Delilah’s tale fascinated me. I anticipated each chapter that revealed more of this history as seen through her very eyes. Her growth and development was rewarding to follow. As a female protagonist, I appreciated seeing her weakness and strengths revealed and overcome with the passing of time. Samson was infuriating at times. He was new to being a human and did not fully understand how to appropriately act on the desire he held for Delilah after being joined with part of her soul. She was relentless though, always questioning and pushing back to establish her place and find her way in a time where the roles of women was significantly different.
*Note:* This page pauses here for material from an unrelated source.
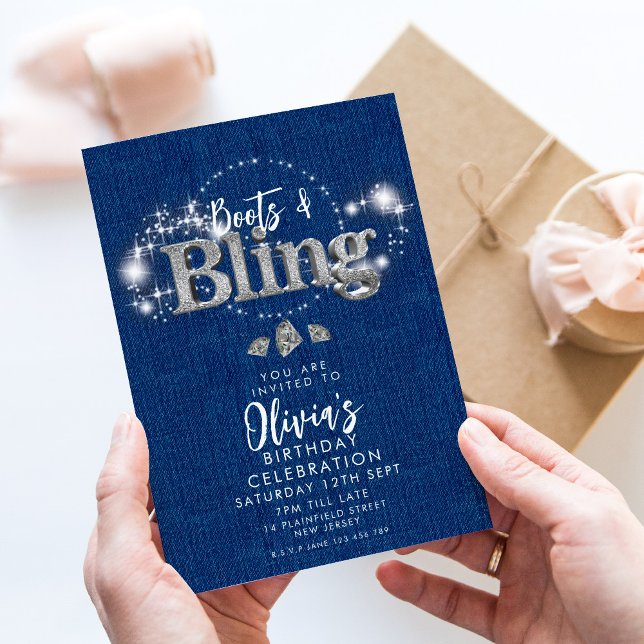 Denim Cowboy Boots and Bling Convite de festas (Criador carregado)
She was full of depth and added tremendous value to the book.
I struggled with Maya however. While clearly overwhelmed and confused by her new life, she just lacked any credible emotion. I expected some young angst and heartache. I wanted to see the raw core of her. Her entire life was stripped away and yet she felt devoid of so much. She was also too strong too soon. I found myself lacking any connection with her character. I was continually rushing to read more about Delilah. Maya was lost on me.
While this was technically the story of two women, Maya’s almost felt unwarranted. Aside from the brief introduction into how she becomes a Paladin, the remainder of her tale consist of nothing more than training and her complicated feelings for her new partner. At times I felt as though I were reading two different stories entirely. While the author managed to eventually connect the two lives in a way that made sense, the character development and world building that took place within Delilah’s tale far outweighed what we were provided in Maya’s.
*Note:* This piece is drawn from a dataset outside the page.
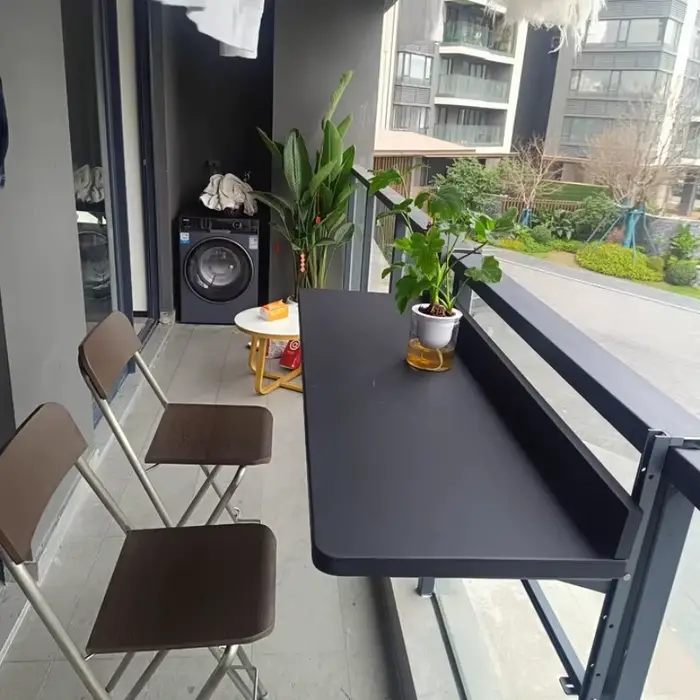 Table suspendue de balcon pliante, bureau de Bar de bistro, Table à thé d'extérieur avec support de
There were some unique elements that are not to be overlooked. The connections that were shared between the Paladins as a result of their sacrifice to summon their partners was original and full of promise. We are also provided with some rich and well-developed history that I thoroughly enjoyed. The strengths and weakness of the Paladins along with their healing abilities and other properties all fit very well.
While I feel that the story could have benefited from the omission of Maya entirely, all was not lost. This was a fun and fast paced read that still managed to entertain. The narration is fluid and the author managed to uphold the time transitions through dialogue and accurate descriptions and world construction. I really enjoyed her smooth style of writing. While, the conclusion was a bit vague and opened ended, there is still a large amount of promise and possible potential to be built upon.
*I would like to thank the author for providing me with this copy. The above review is my own, unbiased opinion.